“早知道他是个废物。”
康亲王也是无奈,当年他还是个瘸腿的王爷,实在结交不到什么有才之人。
那些个有才华有能力手段的人,一个个年轻气盛,也瞧不上那会的他。
顿了顿,康亲王道,“郭翌素来谨慎,能当众提原账本还在昌远府,那就是在给本王挖坑,账本,他们肯定是拿走了。
你放心吧,罗家的账册他们查不到什么的,相反,他们说不定还在所谓的库房那守株待兔,就等着本王的人去,好逮个正着。”
崔致远连忙拍马,“是在下多虑了,远不及王爷想的周到。”
康亲王白了他一眼,“吃一堑长一智,本王多次行事受阻,总得多想一步。”
顿了顿,他又道,“不过罗家送来的那些生辰礼。。。。。东西不错,王妃都留着了,你去她那收起来,能融了的重新打,不能融的,干脆都毁了。”
“是。”
“至于本王收到的那些。。。。。。”
康亲王面露为难,“转送给旁人的有不少,你一一去送信提醒,还在库房的,想方设法处置了,切不可让人发现。”
“是!”
交代完这些,康亲王心口郁气仍未散去,他越想越不甘心,“留在陆启霖身边那个如何了?”
崔致远摇头,“许久都未递回有用的讯息。”
“又一个废物。”康亲王嫌弃道,“既然毫无进展,那就不用留在姓陆的身边了,让她找个机会,从陆启霖身边取点有用的东西,直接脱身吧。”
“是。”
崔致远又问,“可要处罚?”
康亲王拧眉,“算了,养一个太费银子,送她去该去的地方,当初本王就说了,那陆启霖不过是个毛头小子,不吃这一套的。”

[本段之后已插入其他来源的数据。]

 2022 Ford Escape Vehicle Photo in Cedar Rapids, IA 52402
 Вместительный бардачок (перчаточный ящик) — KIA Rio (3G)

崔致远连连讨饶,“是在下的错,在下想着那楚博源都能用美人计降服,以为那陆启霖也行。。。。。。确实年纪小了好几岁,此法不得用。”
康亲王挥挥手,“你们出去吧,本王要给卢显写一封亲笔信。”
天佑帝不知道抽什么疯。
便是知道他和卢显有来往,那也该装作不知,或者私下百般阻挠。天佑帝倒好,居然正大光明帮他们牵住了线。
让他不得不在心里猜测,天佑帝到底是何目的?
是正大光明的敲打警告?是顺理成章的要质子?还是误打误撞的巧合安排?
他得与卢显通声气,以后行事可要。。。。。。
提笔蘸墨,康亲王还未落笔,就听见外头有人报,“王爷,西北有信来。”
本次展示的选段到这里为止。